Saturday, October 04, 2008

Photojournalist, 27 years in Wasilla, seeks its soul

For 27 years, photojournalist Bill Hess has lived in Wasilla, Alaska, which few Americans had heard of until its former mayor became the Republican nominee for vice president of the United States. Bill has been posting his photographs on blogs for some time, but with Wasilla much in the news he has broadened his agenda. His new blog is called Wasilla by 300, meaning its scope is a 300-mile radius of the town, "perhaps the most wild, dramatic, gorgeous, beautiful section of land and sea to be found in any comparable space anywhere on Earth." It includes Wasilla's sister city of Palmer, where Hess took the Alaska State Fair photo at left.

"Wasilla is not the quintessential small American city that it has recently been built up to be since former Mayor Sarah Palin was chosen by John McCain to be his running mate. Yet -- Wasilla is my home and if I am lucky it will be until I grow old and die," Hess writes. "Wasilla is a sprawling community that has been slapped down hodge-podge upon what was so recently wilderness of the most exquisite beauty. In its design, it is deliberately anti-zoned, anti-planned. In the building of Wasilla, the desire to make a buck has trumped aesthetics and all other considerations. This town, built in the midst of exquisite beauty, has largely become an unsightly, unattractive, mess of urban sprawl."
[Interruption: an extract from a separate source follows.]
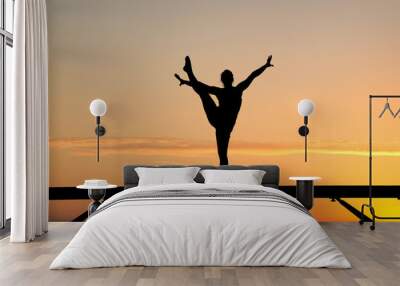 silhouette of female gymnast on balance beam in sunset Wall mural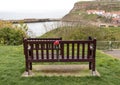 Empty park bench with roses attached as a memorial. View over seaside town and bay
Many of Hess's Wasilla photographs are "grab shots," taken as he drives around the area, like the one above. "Despite the odd, random, nature of the images, I believe they communicate something powerful about this town that I have never seen expressed anywhere else," he writes. "if one were to search hard enough, it might just be possible to find a sense of community here, and a town soul. So, using my skills as a photojournalist and a writer, I hope to do just that. If this place has a sense of community, I will find it. If there is a town soul to Wasilla, I will document it." Hess also has a site that displays his professional work, here.